SUPPLIED DATA:
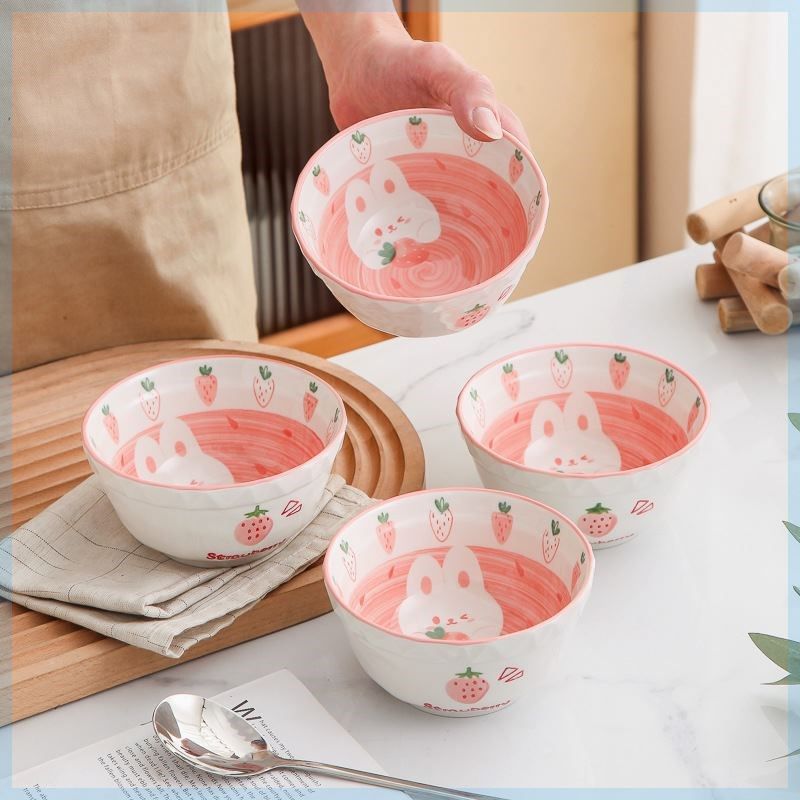 【草莓兔】可爱碗套装家用陶瓷米饭碗釉下彩餐具家用学生宿舍圆形,餐饮具,碗,淘宝优惠券,粉丝福利购,淘宝优惠卷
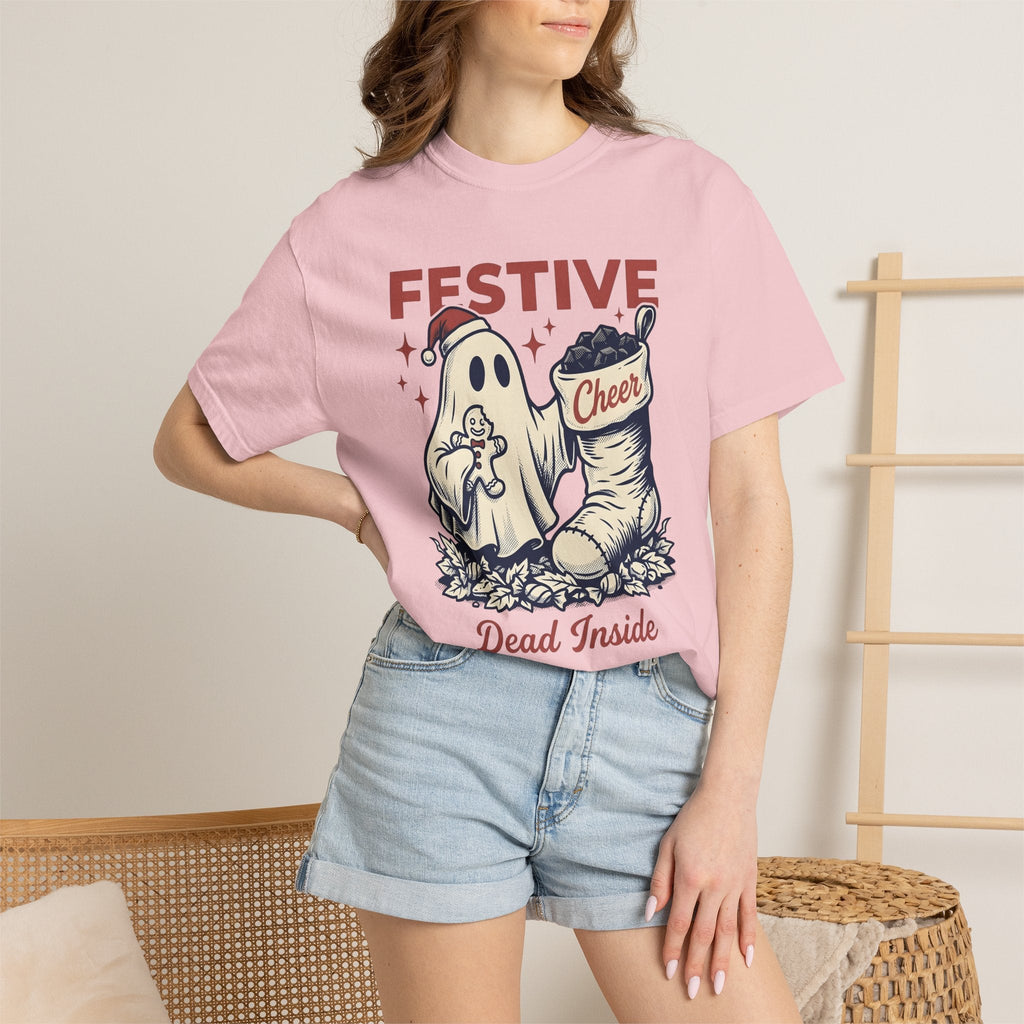 Ghost Santa Hat Shirt Christmas Humor Unisex Gift Vintage Tee Santa Hat T-Shirt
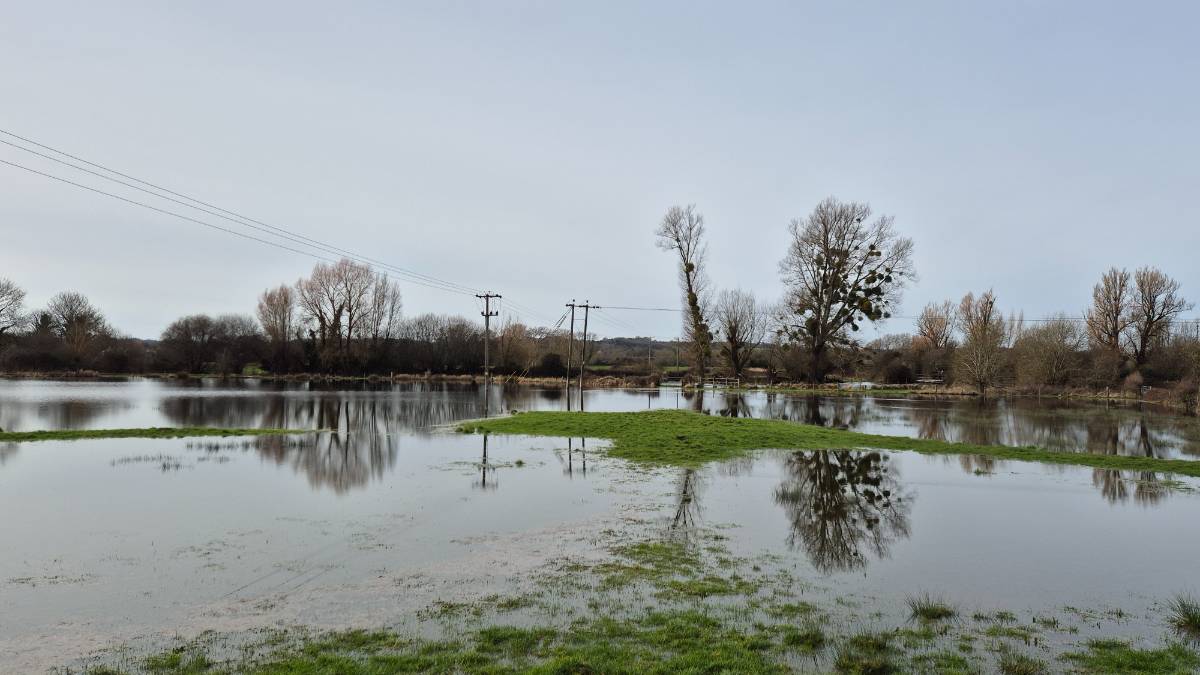 Romsey, Hampshire, River Test occupying its flood plain...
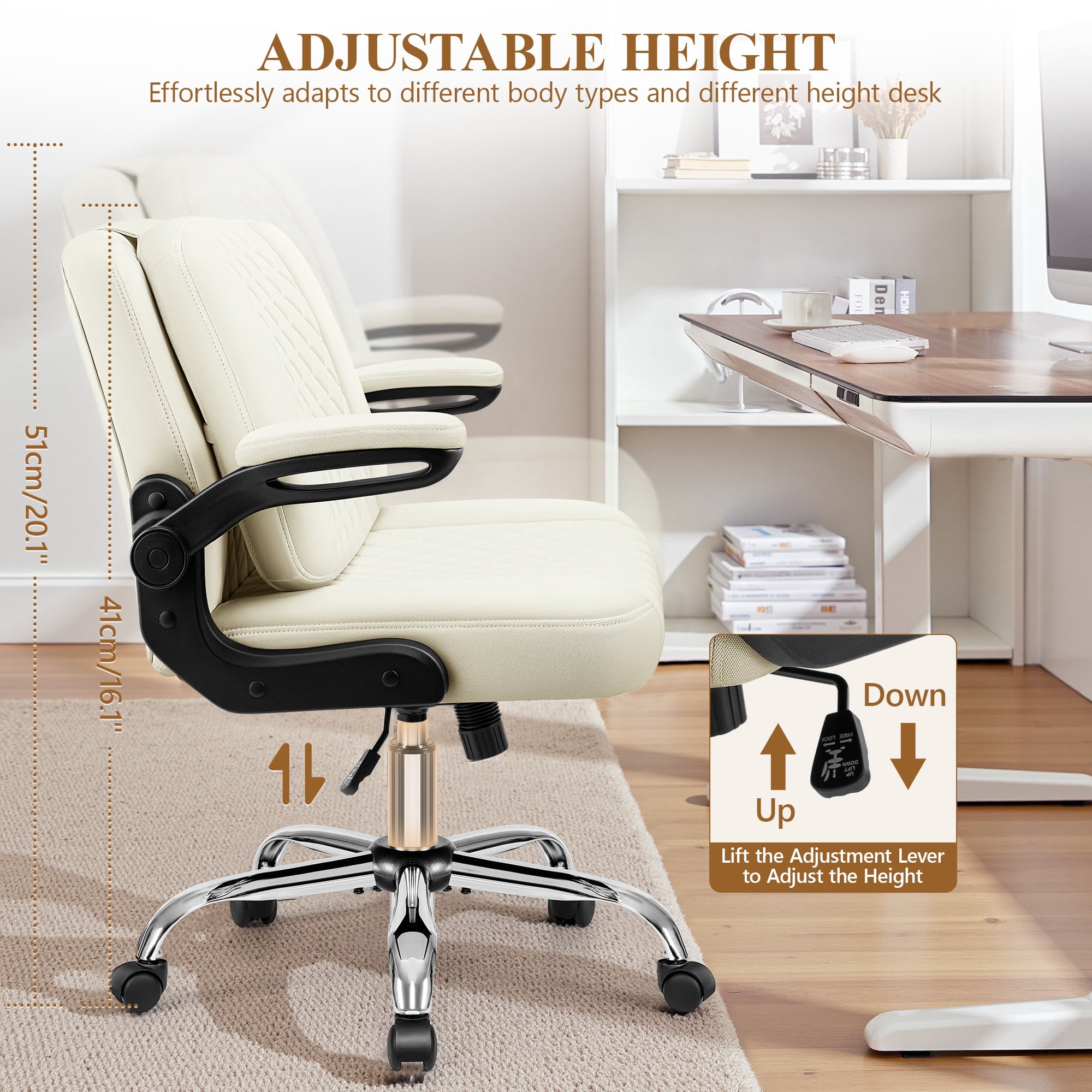 COOLHUT Criss Cross Chair with Flip-Up Arms and Wheels, Moveable Back Cushion Wide Seat Office Desk Chair, Height Adjustable Swivel Cross Legged Chair for Home Office, Study, Vanity, Beige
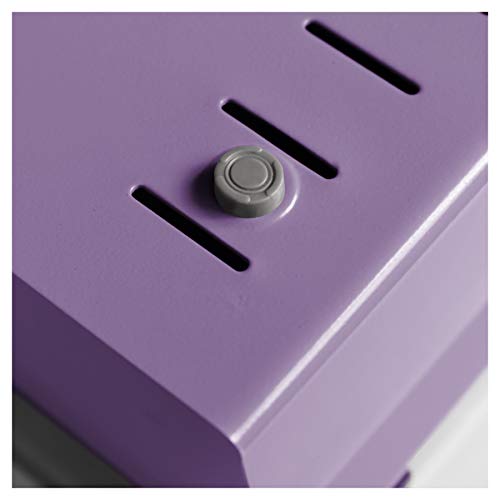 Acrimet 3 x 5 Card File Holder Organizer Box Metal Base Heavy Duty (AZ Index Cards and Divider Included) (Purple Color with Clear Crystal Plastic Lid Cover)
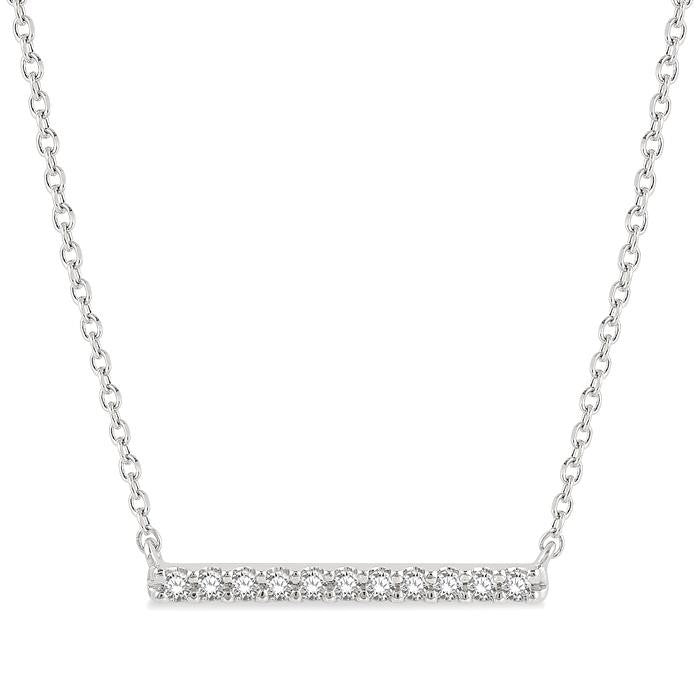 1/8 Ctw Round Cut diamond Petite Bar Necklace in 10K White Gold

TASK DESCRIPTION: Each record above, in full: return it exactly, pictures excluded.

ANSWER SECTION:
 【草莓兔】可爱碗套装家用陶瓷米饭碗釉下彩餐具家用学生宿舍圆形,餐饮具,碗,淘宝优惠券,粉丝福利购,淘宝优惠卷
 Ghost Santa Hat Shirt Christmas Humor Unisex Gift Vintage Tee Santa Hat T-Shirt
 Romsey, Hampshire, River Test occupying its flood plain...
 COOLHUT Criss Cross Chair with Flip-Up Arms and Wheels, Moveable Back Cushion Wide Seat Office Desk Chair, Height Adjustable Swivel Cross Legged Chair for Home Office, Study, Vanity, Beige
 Acrimet 3 x 5 Card File Holder Organizer Box Metal Base Heavy Duty (AZ Index Cards and Divider Included) (Purple Color with Clear Crystal Plastic Lid Cover)
 1/8 Ctw Round Cut diamond Petite Bar Necklace in 10K White Gold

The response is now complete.